- Umpiem Mai Location in Thailand
- Coordinates: 16°25′28″N 99°00′15″E﻿ / ﻿16.424351°N 99.004294°E
- Country: Thailand
- Province: Tak
- District: Phop Phra
- Sub-district: Khirirat

Area
- • Total: 79 ha (200 acres)

Population (2014)
- • Total: 12,900
- • Density: 16,000/km^{2} (42,000/sq mi)

= Umpiem Mai Refugee Camp =

Karen refugee camp in Thailand

Umpiem Mai (อุ้มเปี้ยมใหม่ also called Umphiem, Umphang and UMP) is a refugee camp in Thailand 12 km from the Myanmar border. It is situated on 79 hectares in the Khirirat Sub-district of Phop Phra District in Tak Province. In June 2014 it had a population of 12,900, predominantly Karen people fleeing conflict.

==Camp conditions==
There are two sections in the camp. One side of the camp is called Zone A and the other is called Zone B. Each zone has its own district numbers and house numbers. Every month each section or zone has to pick up foods from the office where the authorities put it in a huge hall. The "Camp residents receive monthly rations provided by a group of non-governmental organizations known as the Thai-Burma Border Consortium (TBBC). The standard group of rations consists of rice, charcoal, cooking oil, yellow bean and fortified flour." The authorities give out foods by family size.

Water, electricity, mobile phone and internet service are all available in the camp.

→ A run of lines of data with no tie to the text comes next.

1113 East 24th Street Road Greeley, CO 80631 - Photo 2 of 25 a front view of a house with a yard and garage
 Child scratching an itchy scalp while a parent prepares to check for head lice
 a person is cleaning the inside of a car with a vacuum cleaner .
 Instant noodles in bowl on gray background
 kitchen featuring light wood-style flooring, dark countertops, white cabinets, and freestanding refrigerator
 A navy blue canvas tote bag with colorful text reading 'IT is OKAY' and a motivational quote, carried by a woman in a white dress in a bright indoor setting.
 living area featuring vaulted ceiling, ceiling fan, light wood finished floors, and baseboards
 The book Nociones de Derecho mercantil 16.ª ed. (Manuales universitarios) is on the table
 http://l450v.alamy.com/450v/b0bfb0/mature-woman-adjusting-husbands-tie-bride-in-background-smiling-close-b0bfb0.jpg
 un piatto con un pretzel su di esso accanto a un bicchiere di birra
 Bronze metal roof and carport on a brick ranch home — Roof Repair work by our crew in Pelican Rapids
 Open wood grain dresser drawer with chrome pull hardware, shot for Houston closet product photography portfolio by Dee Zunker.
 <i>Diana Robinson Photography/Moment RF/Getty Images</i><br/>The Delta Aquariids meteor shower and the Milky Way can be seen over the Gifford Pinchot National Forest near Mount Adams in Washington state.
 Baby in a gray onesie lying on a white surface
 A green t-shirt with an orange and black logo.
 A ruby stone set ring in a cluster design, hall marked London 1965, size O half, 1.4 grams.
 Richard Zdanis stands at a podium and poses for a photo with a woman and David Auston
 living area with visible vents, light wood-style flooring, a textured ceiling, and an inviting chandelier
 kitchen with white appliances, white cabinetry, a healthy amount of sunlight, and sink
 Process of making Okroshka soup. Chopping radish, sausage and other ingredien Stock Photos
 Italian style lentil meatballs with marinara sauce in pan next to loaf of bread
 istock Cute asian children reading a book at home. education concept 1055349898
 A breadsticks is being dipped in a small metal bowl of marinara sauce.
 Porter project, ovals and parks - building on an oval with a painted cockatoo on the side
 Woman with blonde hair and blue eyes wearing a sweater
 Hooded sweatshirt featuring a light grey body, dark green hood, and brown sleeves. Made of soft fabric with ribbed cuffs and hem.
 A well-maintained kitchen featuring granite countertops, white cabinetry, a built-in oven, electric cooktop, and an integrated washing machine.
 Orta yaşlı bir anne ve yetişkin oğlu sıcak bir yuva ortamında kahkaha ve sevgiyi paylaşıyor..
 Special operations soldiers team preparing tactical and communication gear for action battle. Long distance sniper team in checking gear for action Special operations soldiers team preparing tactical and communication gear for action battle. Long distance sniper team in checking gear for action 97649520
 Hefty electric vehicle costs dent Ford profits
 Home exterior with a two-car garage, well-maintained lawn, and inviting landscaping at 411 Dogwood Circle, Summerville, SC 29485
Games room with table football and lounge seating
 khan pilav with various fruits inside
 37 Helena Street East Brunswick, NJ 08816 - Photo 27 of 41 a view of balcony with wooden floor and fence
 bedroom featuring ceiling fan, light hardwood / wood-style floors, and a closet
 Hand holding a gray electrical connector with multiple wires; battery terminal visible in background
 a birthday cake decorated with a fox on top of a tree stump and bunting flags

In 2012 a fire destroyed one third of the camp — 1,000 houses, three mosques and two nursery schools.

==Landscape==
Umphium Mai is mostly hilly. It was “initially a harsh environment with little tree cover, torrential rain and a cold climate (the altitude is over 1,200 meters). The camp is situated on very hilly terrain and there was a significant danger from soil erosion particularly during the rainy season." However, Umphium Mai is a safe place when it comes to bad weather. It tends not to be hit by earthquakes or floods. The place has jungle-like terrain; Umphium Mai was in the middle of two mountains and the mountains cover the place side by side. Spring and summer are the most dangerous seasons in the camp. When it comes to spring, it is rainy and people often have difficulty walking because of the mud. When it comes to summer, the place becomes dry and dehydrated. People have a hard time finding water to survive. The place sometimes becomes so dry that people fight over water.

Umphium Mai also has exquisite scenery, most noticeably the Thi Lo Su Waterfall, which is possibly the largest and highest waterfall in Thailand. The waterfall is open from December until April each year.

==Notable people==
- Kler Heh, professional footballer.